§ ASSIGNMENT: Shown below is a listing with pictures; reproduce exactly, and only, the lines between the ones containing "Lawn Carein Brandon,33511,Lawn" and "Tunisair Boeing 737-6H3", inclusive, leaving the pictures out.

§ DATA SECTION:
────────

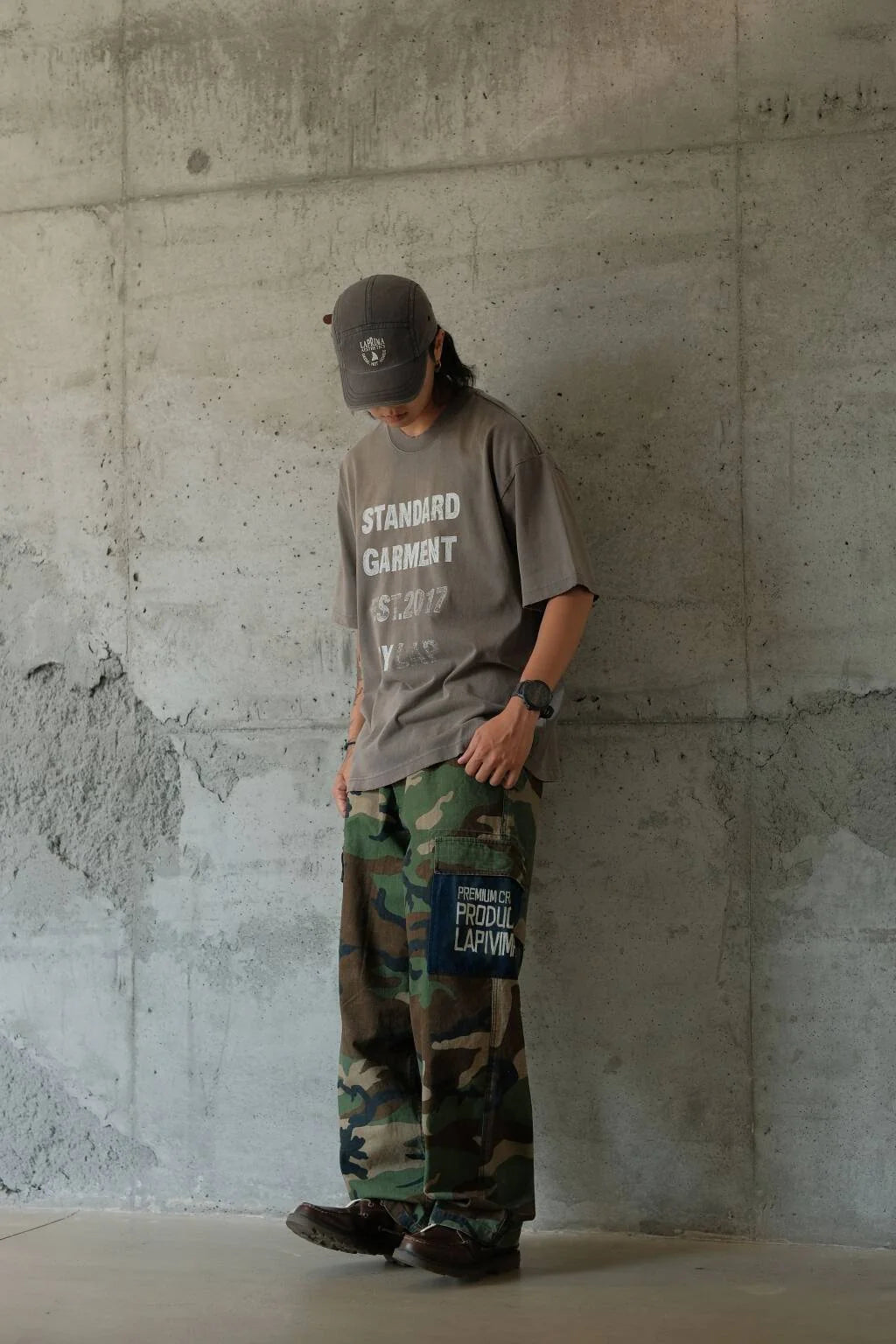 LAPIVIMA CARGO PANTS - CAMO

────────

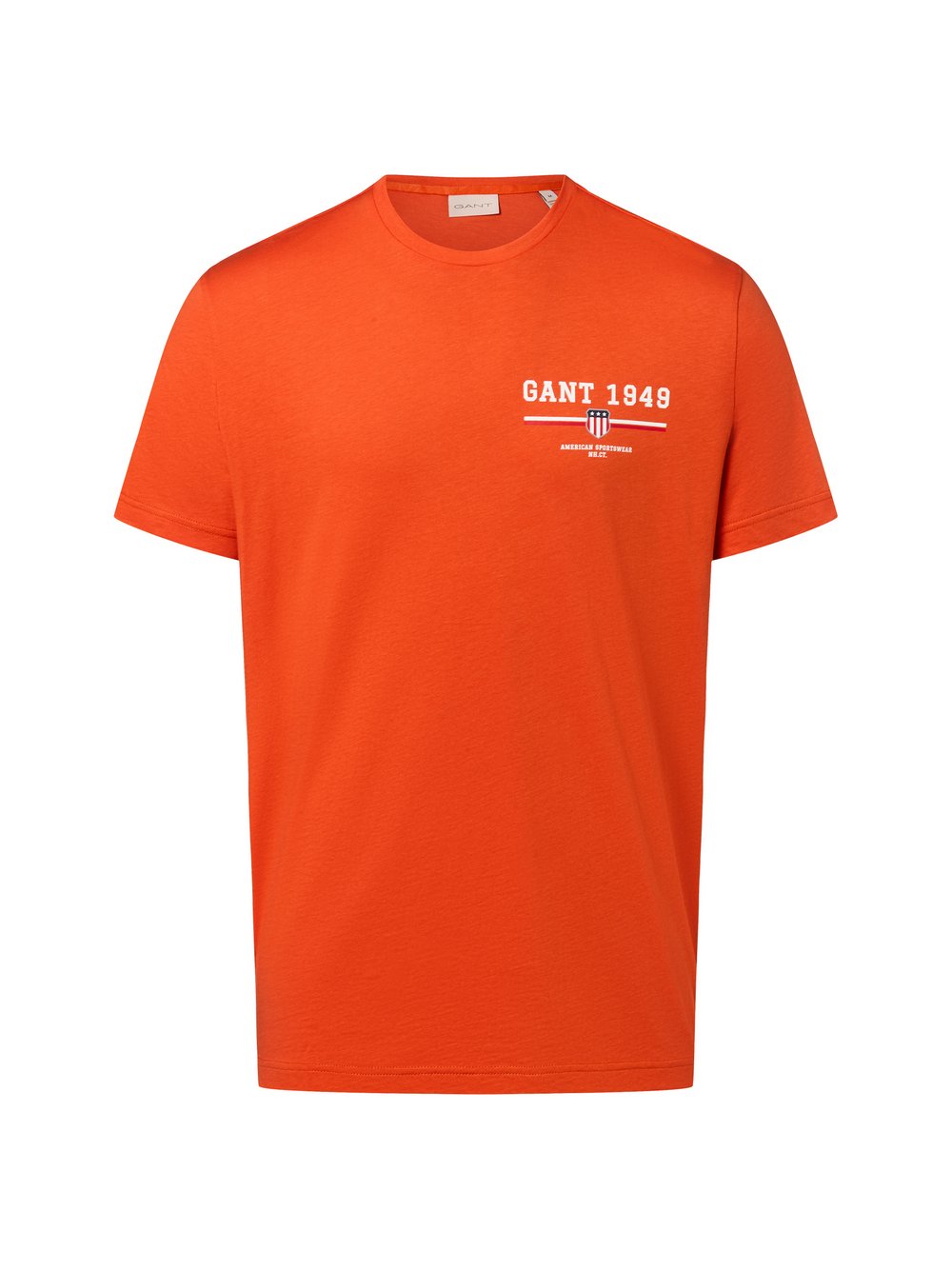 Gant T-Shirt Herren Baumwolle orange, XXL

────────

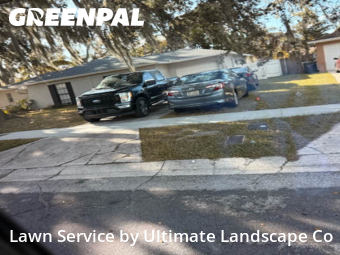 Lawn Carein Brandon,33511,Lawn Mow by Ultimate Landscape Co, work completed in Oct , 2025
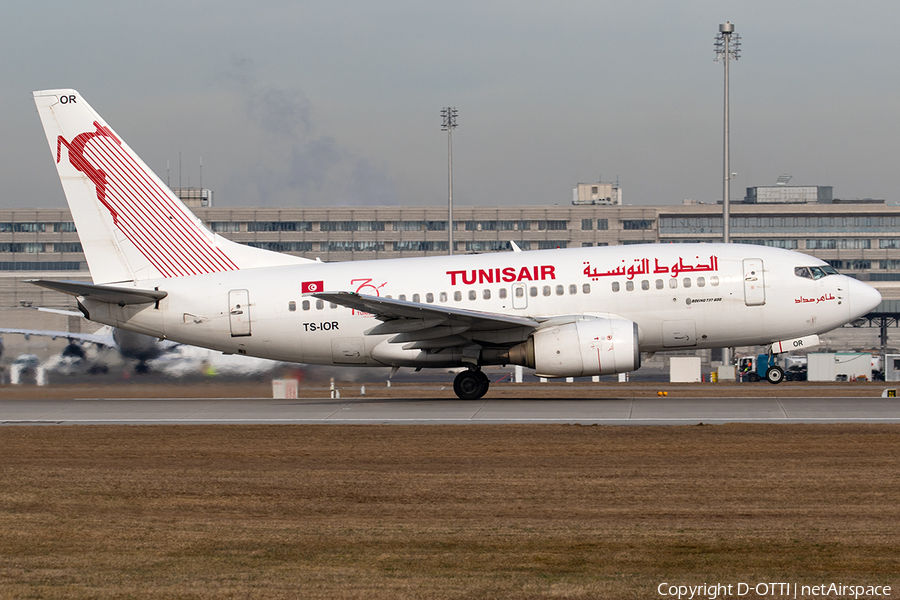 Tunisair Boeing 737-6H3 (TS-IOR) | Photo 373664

────────

§ ANSWER BELOW:
 Lawn Carein Brandon,33511,Lawn Mow by Ultimate Landscape Co, work completed in Oct , 2025
 Tunisair Boeing 737-6H3 (TS-IOR) | Photo 373664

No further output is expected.